HDF5
The DolphinDB hdf5 plugin imports HDF5 datasets into DolphinDB and supports data type conversions.
Installation (with installPlugin
)
Required server version: DolphinDB 2.00.10 or higher
OS: Windows and Linux x86-64
Installation Steps:
(1) Use listRemotePlugins to check plugin information in the plugin repository.

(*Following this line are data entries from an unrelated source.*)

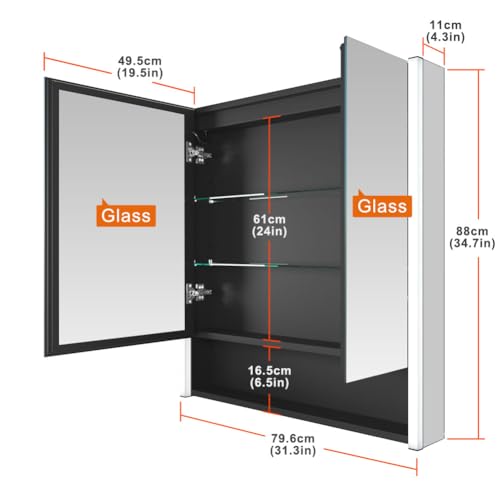 KWW LED Lighted Bathroom Medicine view 2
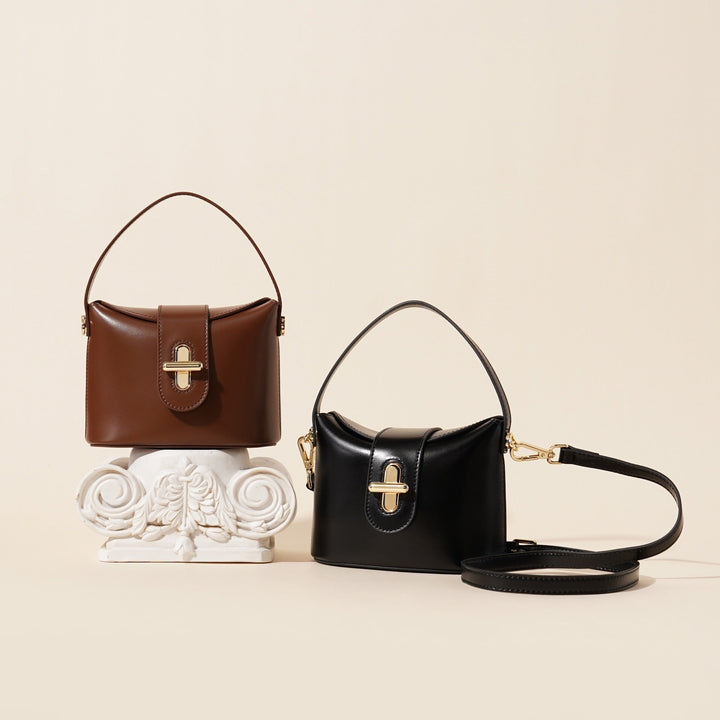 Women’s Genuine Leather Vintage Lock Top Handle Bag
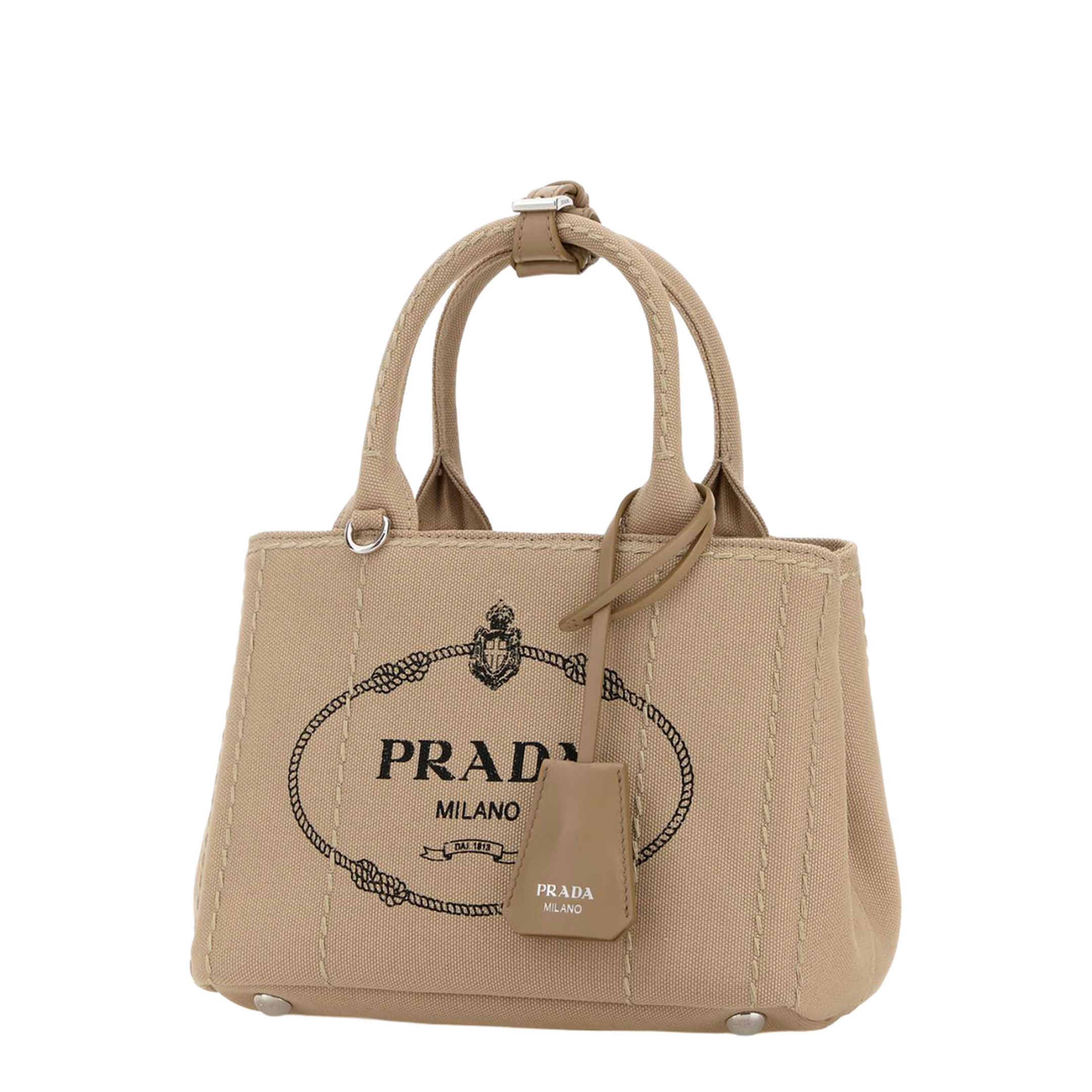 Beige Canvas Mini Jardinière Handbag - Image 2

Note: For plugins not included in the provided list, you can install through precompiled binaries or compile from source. These files can be accessed from our GitHub repository by switching to the appropriate version branch.
login("admin", "123456")
listRemotePlugins()
(2) Invoke installPlugin for plugin installation
installPlugin("hdf5")
(3) Use loadPlugin to load the plugin before using the plugin methods.
loadPlugin("hdf5")
Method References
ls
Syntax
ls(fileName)
Parameters
- fileName: A STRING scalar indicating the HDF5 file name.
Details
List all the objects (including datasets and groups) and their types in an HDF5 file. The method returns the number of columns and rows of a dataset. For example, DataSet{(7,3)}
represents 7 columns and 3 rows.
Example
hdf5::ls("/smpl_numeric.h5")
/* output:
objName objType
--------------------
/ Group
/double DataSet{(7,3)}
/float DataSet{(7,3)}
/schar DataSet{(7,3)}
/sint DataSet{(7,3)}
/slong DataSet{(7,3)}
/sshort DataSet{(7,3)}
/uchar DataSet{(7,3)}
/uint DataSet{(7,3)}
/ulong DataSet{(1,1)}
/ushort DataSet{(7,3)}
*/
hdf5::ls("/named_type.h5")
/* output:
objName objType
----------------------
/ Group
/type_name NamedDataType
*/
lsTable
Syntax
lsTable(fileName)
Parameters
- fileName: A STRING scalar indicating the HDF5 file name.
Details
List all the table information in an HDF5 file, i.e., HDF5 dataset information, including table name, dimension, and type.
Example
hdf5::lsTable("/smpl_numeric.h5")
/* output:
tableName tableDims tableType
/double 7,3 H5T_NATIVE_DOUBLE
/float 7,3 H5T_NATIVE_FLOAT
/schar 7,3 H5T_NATIVE_SCHAR
/sint 7,3 H5T_NATIVE_INT
/slong 7,3 H5T_NATIVE_LLONG
/sshort 7,3 H5T_NATIVE_SHORT
/uchar 7,3 H5T_NATIVE_UCHAR
/uint 7,3 H5T_NATIVE_UINT
/ulong 1,1 H5T_NATIVE_ULLONG
/ushort 7,3 H5T_NATIVE_USHORT
*/
extractHDF5Schema
Syntax
extractHDF5Schema(fileName, datasetName)
Parameters
- fileName: A STRING scalar indicating the HDF5 file name.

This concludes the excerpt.